Non, non, ce n’est pas un urbex. Nous avons payé notre visite et avons même eu droit à un joli gilet orange pour ce faire.
Né dans la région de Varese, Angelo Poretti part travailler en Allemagne et en Autriche. Il y rencontre de grands maîtres brasseurs et en revient avec un rêve: fabriquer la première bière italienne digne de ce nom, défi relativement important pour un pays jusqu’alors connu pour ses vins. Il trouve à Induno Olona l'emplacement idéal à ses projets. Une usine de coton inutilisée bordée d’un immense parc, une vallée remplie de grottes qui permettent la réfrigération et une source d’eau pure jusqu’ici appelée Fontaine des Malades, connue pour ses vertus curatives. Poretti ne cherche quant à lui pas d’autre miracle que mener à bien son entreprise qui, dès son ouverture en 1877, se développe rapidement. Le Varesotto est alors un lieu de villégiature très prisé, la région se dote d’un tram qui traverse le site et facilite autant les transports que la visite des touristes transitant par la brasserie-parc voulue par Poretti.
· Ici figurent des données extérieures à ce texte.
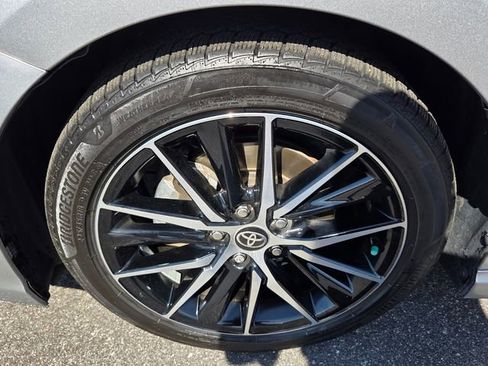 Used 2021 Toyota Camry SE image 19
Angelo Poretti meurt en 1901 sans avoir eu d’enfants et ses quatre neveux lui succèdent. Ils agrandissent l’entreprise en choisissant une architecture Jugendstil, cousin allemand de l’Art nouveau, et font bâtir une villa de maître de même style.
La brasserie connait un premier coup de mou en 1929, lors de la grande dépression et la disparition successive de deux des neveux. Elle est rachetée par la famille Bassetti et vit à nouveau des moments difficiles dans les années 70. C’est alors qu’intervient l’entreprise Carlsberg qui va petit à petit racheter les parts jusqu’à en devenir entièrement propriétaire en 2002. Un camouflet pour les Italiens qui voient désormais trôner un nom danois sur l'une de leurs fiertés nationales. Cependant, et c’est notre guide indépendante qui le souligne, Carlsberg a mis un point d’honneur à conserver le patrimoine Poretti et honorer sa mémoire. De plus, après le rachat, de nombreuses innovations technologiques et écologiques ont été développées sur le site.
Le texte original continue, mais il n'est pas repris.